Run by Stanford’s Hasso Plattner Institute of Design, the UIF program amplifies the student voice in the global conversation about the future of education. Fellows are immersed in the innovation and entrepreneurship ecosystem at their schools, working closely with faculty, administrators, and community stakeholders.
“We are thrilled to have our CIL design interns go through the Stanford training program in design-thinking so they can learn the process and use it to positively impact the campus community at Swarthmore,” says Katie Clark, assistant dean of integrated learning and leadership and director of the CIL.

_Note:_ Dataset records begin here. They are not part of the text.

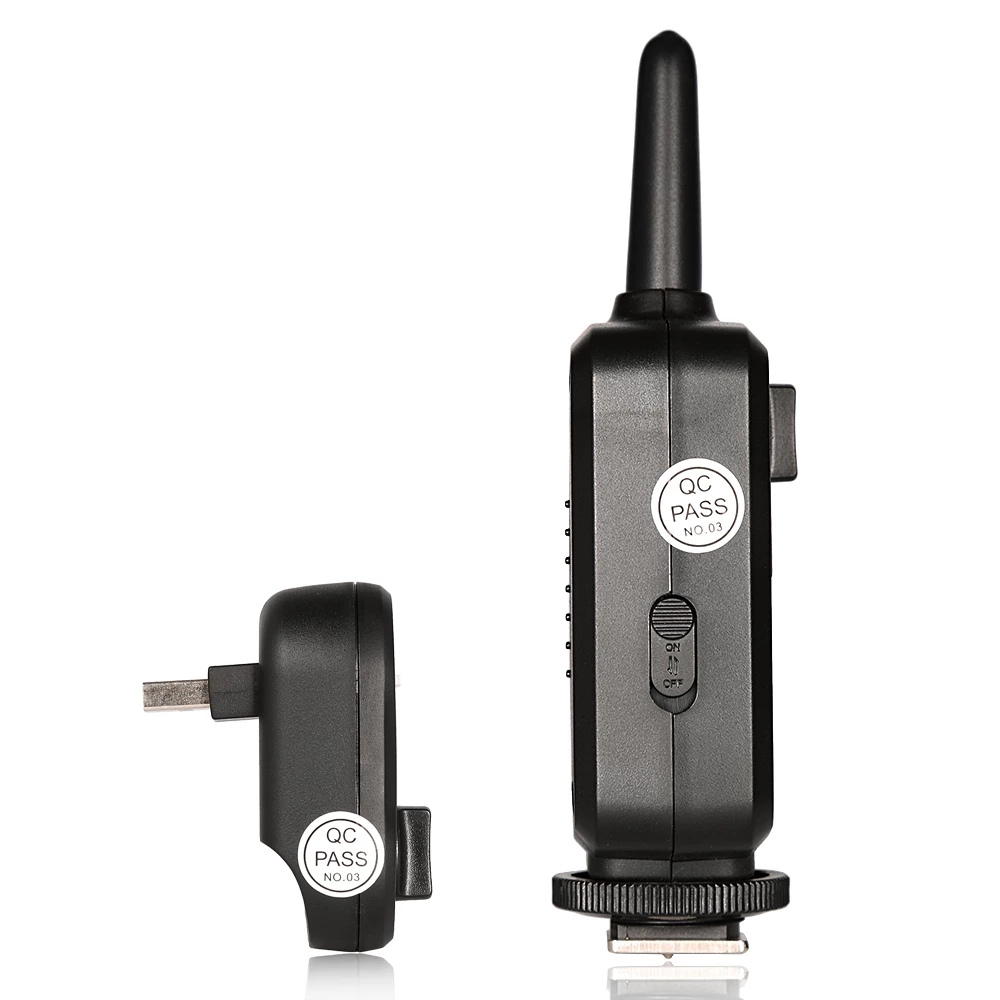 Disparador de Flash Inalámbric - Wireless Flash Trigger 2.4G reseña y precio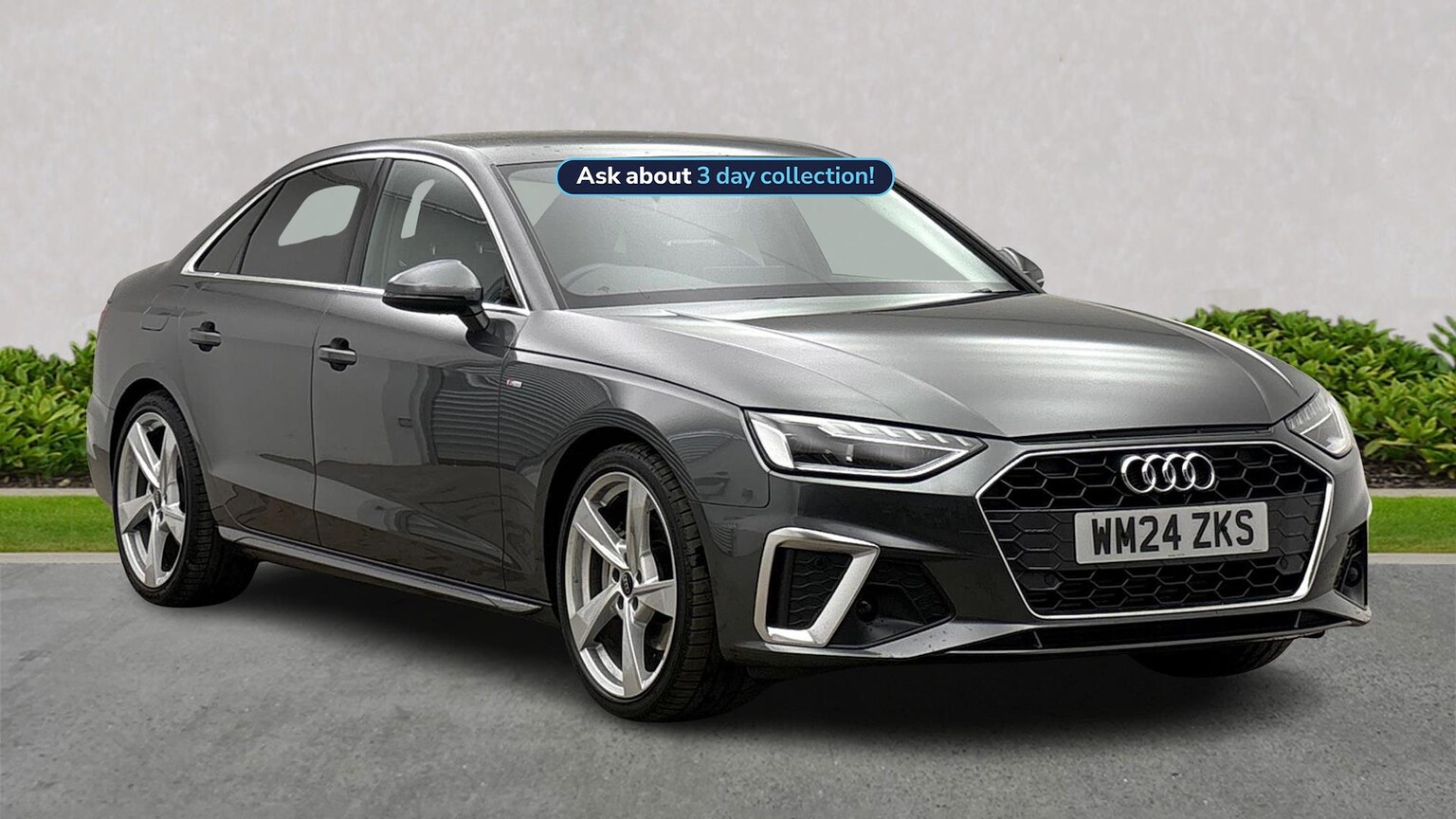 AUDI A4 SALOON 40 Tfsi 204 S Line 4Dr S Tronic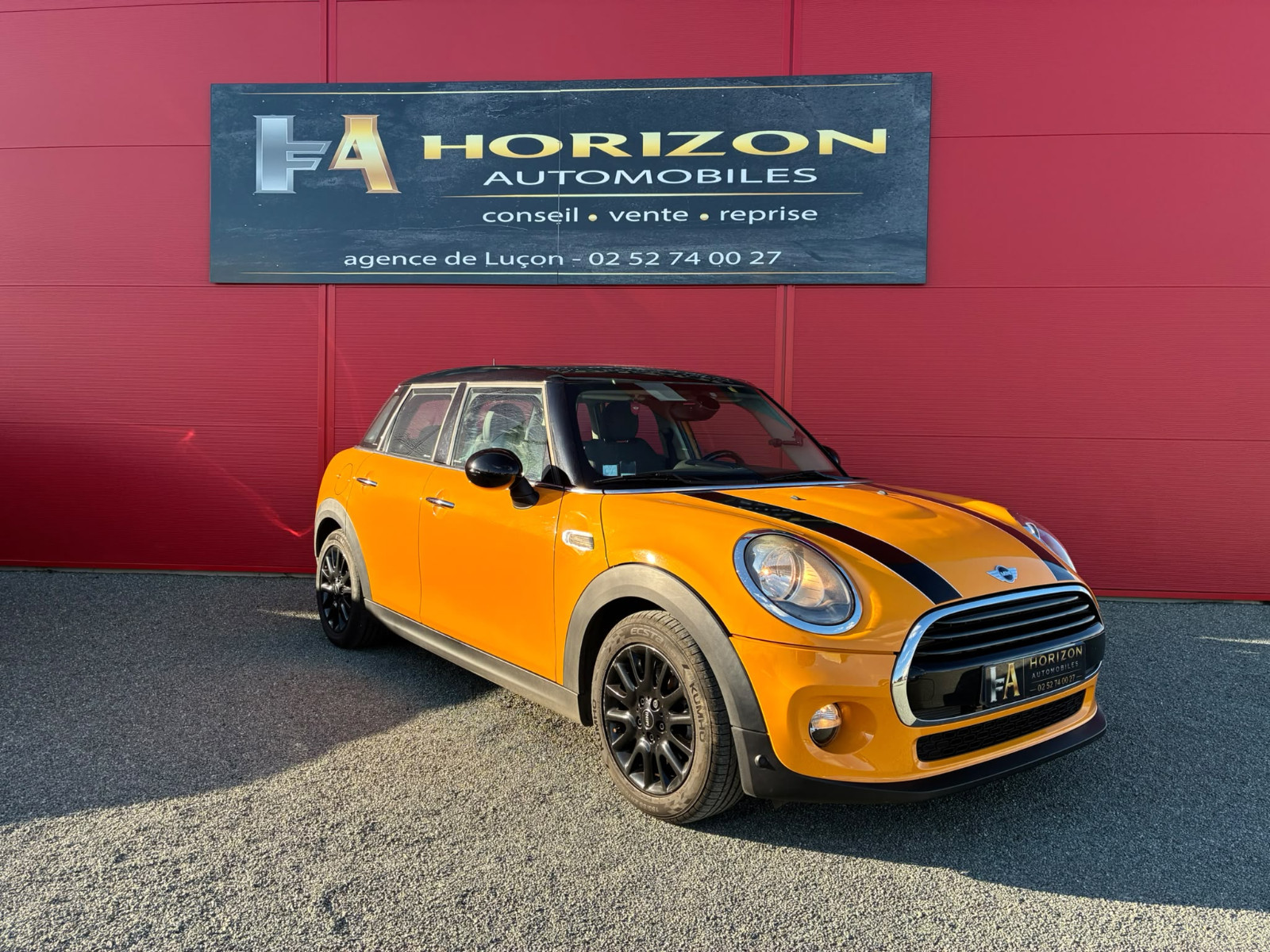 MINI Mini Cooper D 116ch – GARANTIE 12 MOIS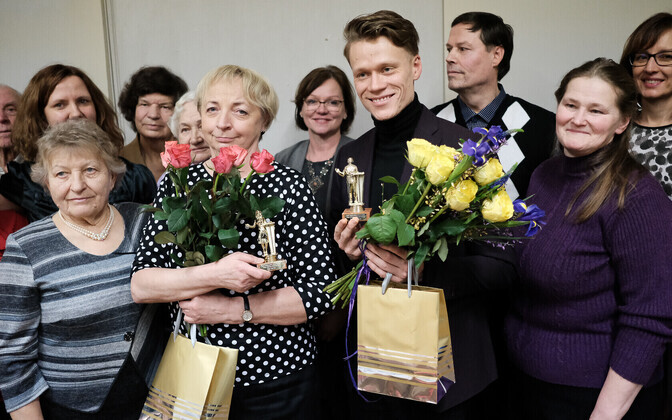 Selge kõneleja auhinna said Sander Rebane, Kaja Kärner ja Ita Ever.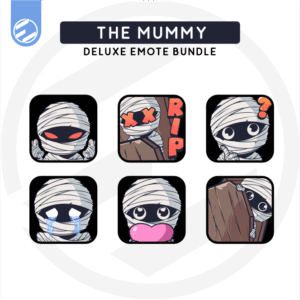 [Spooky Season] The Mummy Emote Bundle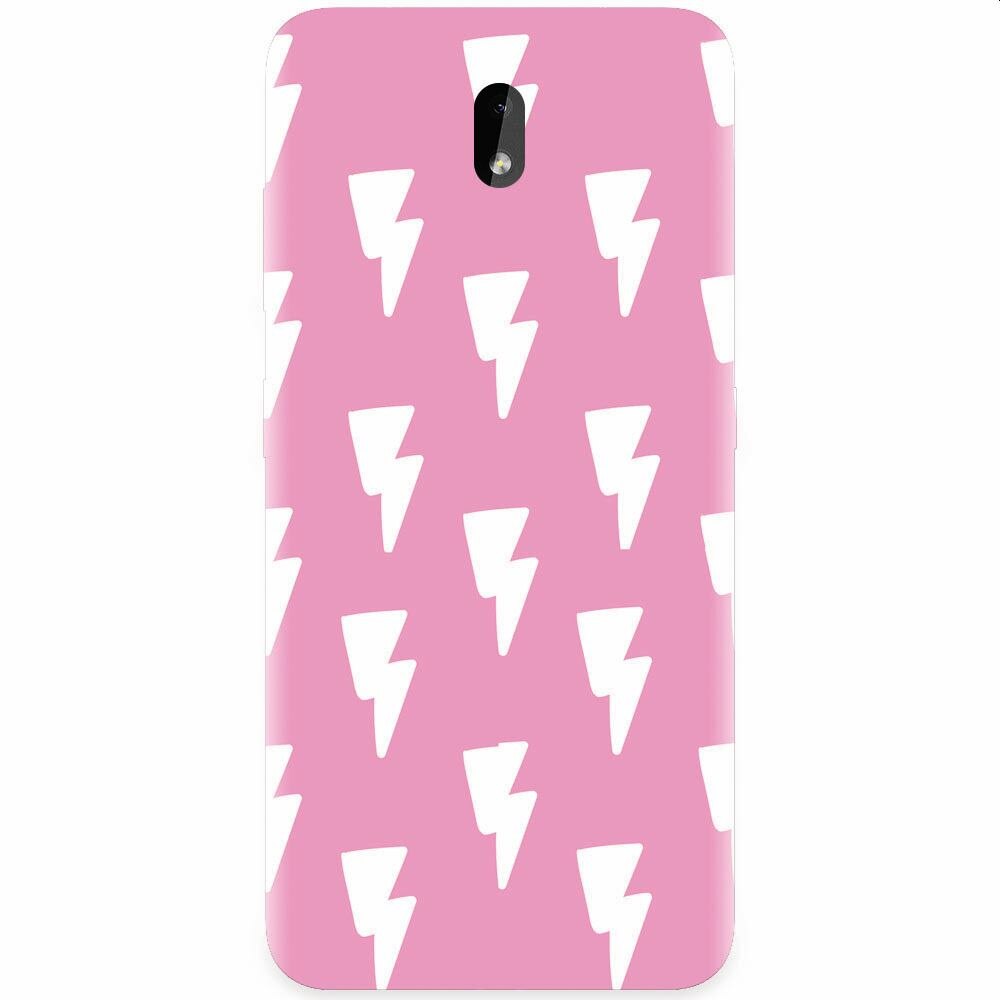 Husa silicon pentru Nokia 3.2, Electric Pink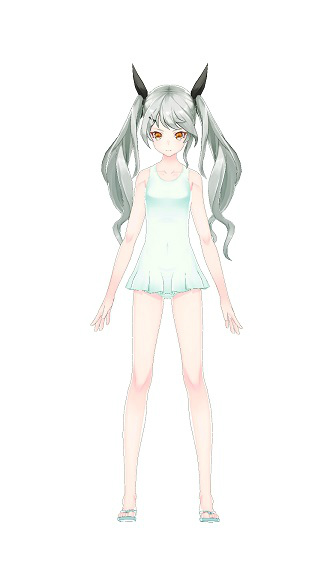 画像集 004 拡張少女系トライナリー 水着イベント 夏は短しハジけ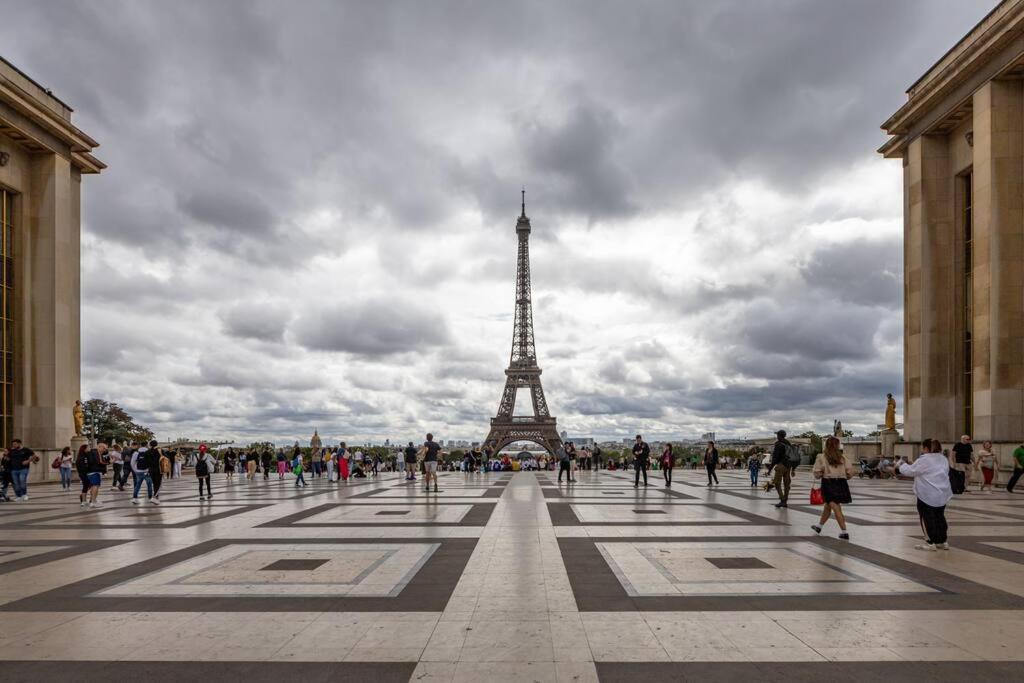 Cozy Studio Near The Eiffel Tower Paryż Zewnętrze zdjęcie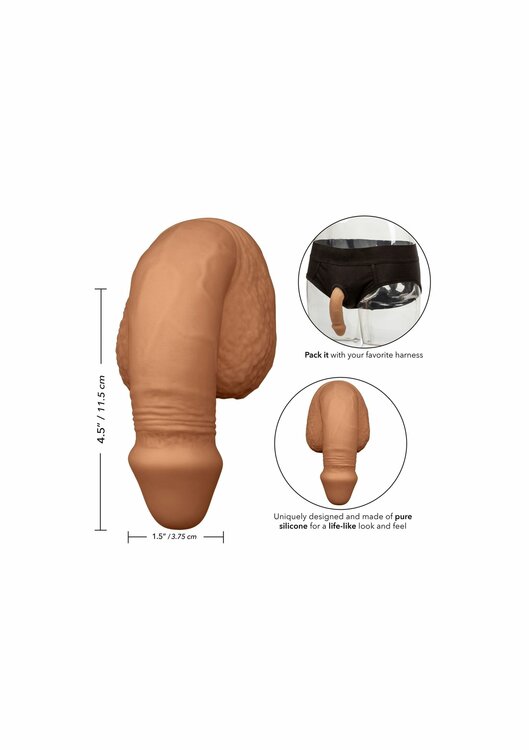 5 inch Silicone Packing Penis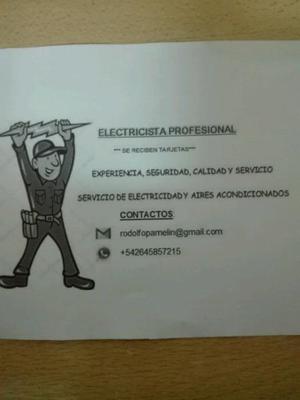 Electricista domiciliario e industrial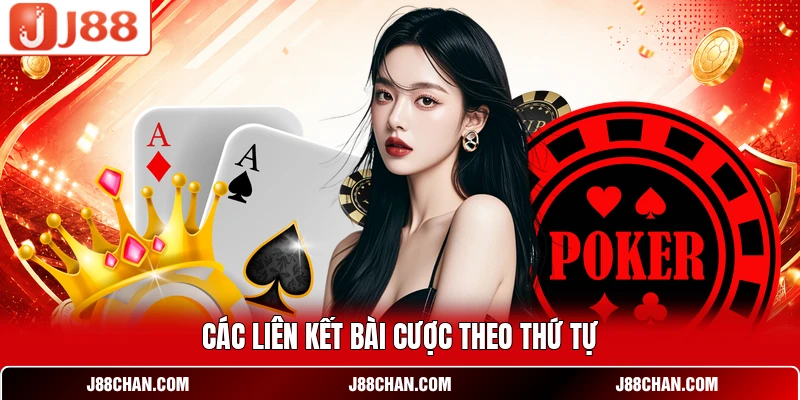 Các liên kết bài cược theo thứ tự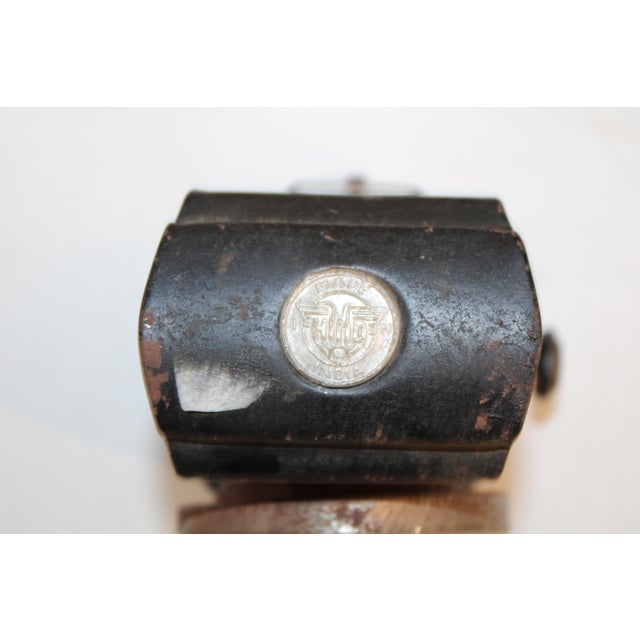 1950s Mini Railroad Handheld Lantern Pair For Sale - Image 5 of 17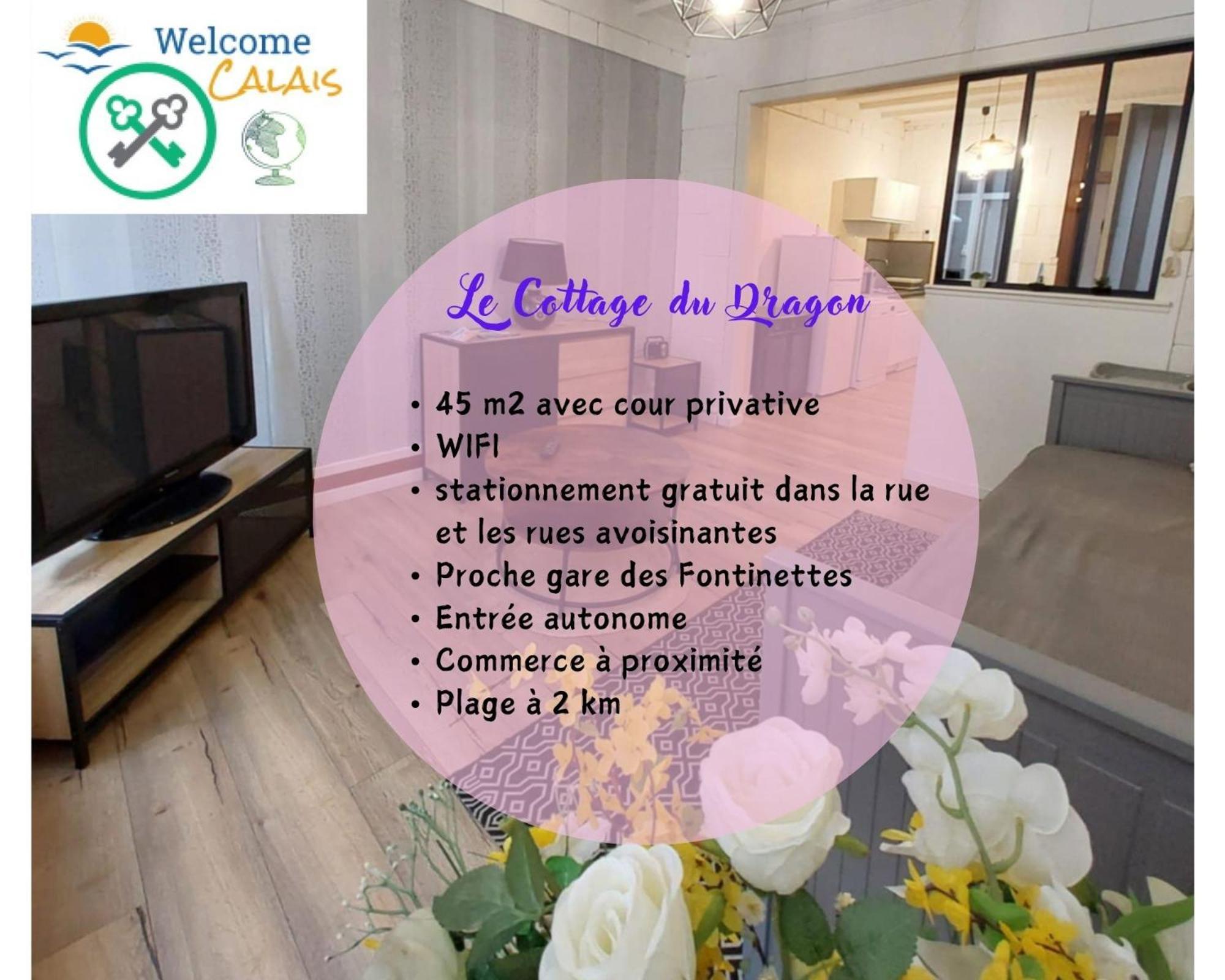 Welcome Calais Centre St Pierre Fontinettes Exterior foto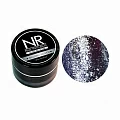 NR Гель-краска мерцающая №6, Bluish Silver, 7 гр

Each of the fellows outlined a strategic priority to expand design-thinking at Swarthmore. Kalii will focus on giving students more guidance on how to turn innovative ideas into implementable projects. He designed a 10-week course on systems thinking, to be offered this spring, to guide student innovators through the project-design process and establish a “feedback channel” between new and experienced innovators.
“Through this fellowship, I have been challenged to think not just about the Swarthmore innovation and entrepreneurship ecosystem, but also to find gaps that I can fill,” says Kalii, a mathematics and economics major from Kenya. “I’m thankful that I get to be part of an auspicious team of fellows, all of whom are very passionate about innovation at Swarthmore College.”
As a result of the shift to online learning, Diaz noted that many students feel detached from the innovation ecosystem on campus and lack motivation to pursue extracurricular activities. She is designing a one-day virtual design-thinking challenge in partnership with the CIL and Innovations Program of Haverford College. Participants will collaborate to address a challenge presented by the city of Philadelphia, seizing the chance to connect with fellow innovators and earn a certificate that attests to their skill development.
“Their experience would motivate them to apply design-thinking to other challenges they face,” Diaz says, “and establish a connection to the innovation resources available at Swarthmore.”
Tranter’s focus will be putting innovation onto the radar of students earlier in their time at Swarthmore. He notes that students from liberal arts institutions are facing a tougher job market, requiring more experience with design-thinking than ever before.
“Although the term ‘social entrepreneurship’ has become less vague for students since my first year at Swarthmore, there’s still work to be done,” he says. “Through this Stanford training, we have upgraded our design-thinking skills, and we feel ready to take this problem on.”